►
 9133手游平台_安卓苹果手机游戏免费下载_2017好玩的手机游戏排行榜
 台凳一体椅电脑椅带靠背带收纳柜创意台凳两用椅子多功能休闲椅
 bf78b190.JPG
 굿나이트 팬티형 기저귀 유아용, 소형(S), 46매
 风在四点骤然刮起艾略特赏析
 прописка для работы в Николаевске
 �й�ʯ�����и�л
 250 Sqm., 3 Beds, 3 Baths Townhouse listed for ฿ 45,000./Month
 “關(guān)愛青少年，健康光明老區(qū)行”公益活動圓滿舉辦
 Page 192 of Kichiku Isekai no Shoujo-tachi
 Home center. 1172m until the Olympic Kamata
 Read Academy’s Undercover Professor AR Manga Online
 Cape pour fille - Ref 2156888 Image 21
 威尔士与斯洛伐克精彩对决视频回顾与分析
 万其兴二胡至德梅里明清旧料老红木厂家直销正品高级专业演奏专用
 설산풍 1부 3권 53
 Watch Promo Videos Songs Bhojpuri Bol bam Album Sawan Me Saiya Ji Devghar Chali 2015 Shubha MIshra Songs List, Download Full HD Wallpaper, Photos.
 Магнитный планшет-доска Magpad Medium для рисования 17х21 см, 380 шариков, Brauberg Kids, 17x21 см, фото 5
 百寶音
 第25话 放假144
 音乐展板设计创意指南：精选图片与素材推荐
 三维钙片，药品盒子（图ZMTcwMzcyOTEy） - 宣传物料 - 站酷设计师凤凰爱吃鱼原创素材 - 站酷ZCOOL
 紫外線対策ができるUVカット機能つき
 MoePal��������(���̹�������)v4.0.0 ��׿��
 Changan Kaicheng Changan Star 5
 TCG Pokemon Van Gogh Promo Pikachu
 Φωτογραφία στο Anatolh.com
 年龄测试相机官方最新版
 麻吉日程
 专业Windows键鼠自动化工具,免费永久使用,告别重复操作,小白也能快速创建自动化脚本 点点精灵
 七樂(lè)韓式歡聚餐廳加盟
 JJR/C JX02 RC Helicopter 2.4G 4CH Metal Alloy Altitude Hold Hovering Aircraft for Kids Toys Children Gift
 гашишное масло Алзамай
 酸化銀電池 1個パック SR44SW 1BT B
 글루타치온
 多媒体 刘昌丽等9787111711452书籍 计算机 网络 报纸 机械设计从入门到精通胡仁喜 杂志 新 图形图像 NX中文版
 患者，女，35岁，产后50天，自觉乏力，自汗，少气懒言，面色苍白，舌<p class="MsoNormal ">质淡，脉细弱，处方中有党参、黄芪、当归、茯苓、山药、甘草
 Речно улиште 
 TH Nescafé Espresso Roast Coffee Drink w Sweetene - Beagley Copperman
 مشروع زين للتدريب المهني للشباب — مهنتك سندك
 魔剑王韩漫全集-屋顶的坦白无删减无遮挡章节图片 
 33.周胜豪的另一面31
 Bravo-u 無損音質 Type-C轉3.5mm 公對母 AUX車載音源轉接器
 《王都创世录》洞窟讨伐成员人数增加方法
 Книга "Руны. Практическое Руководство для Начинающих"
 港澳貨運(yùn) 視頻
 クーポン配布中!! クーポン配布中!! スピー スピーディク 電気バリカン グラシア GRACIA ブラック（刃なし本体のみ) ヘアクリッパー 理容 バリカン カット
◄
• _WHAT THE TASK ASKS_: Your task is to return, exactly and on their own, the lines from the one containing "酸化銀電池 1個パック SR44SW 1BT B" through the last line of the listing.

• _RESPONSE BOX_:
 酸化銀電池 1個パック SR44SW 1BT B
 글루타치온
 多媒体 刘昌丽等9787111711452书籍 计算机 网络 报纸 机械设计从入门到精通胡仁喜 杂志 新 图形图像 NX中文版
 患者，女，35岁，产后50天，自觉乏力，自汗，少气懒言，面色苍白，舌<p class="MsoNormal ">质淡，脉细弱，处方中有党参、黄芪、当归、茯苓、山药、甘草
 Речно улиште 
 TH Nescafé Espresso Roast Coffee Drink w Sweetene - Beagley Copperman
 مشروع زين للتدريب المهني للشباب — مهنتك سندك
 魔剑王韩漫全集-屋顶的坦白无删减无遮挡章节图片 
 33.周胜豪的另一面31
 Bravo-u 無損音質 Type-C轉3.5mm 公對母 AUX車載音源轉接器
 《王都创世录》洞窟讨伐成员人数增加方法
 Книга "Руны. Практическое Руководство для Начинающих"
 港澳貨運(yùn) 視頻
 クーポン配布中!! クーポン配布中!! スピー スピーディク 電気バリカン グラシア GRACIA ブラック（刃なし本体のみ) ヘアクリッパー 理容 バリカン カット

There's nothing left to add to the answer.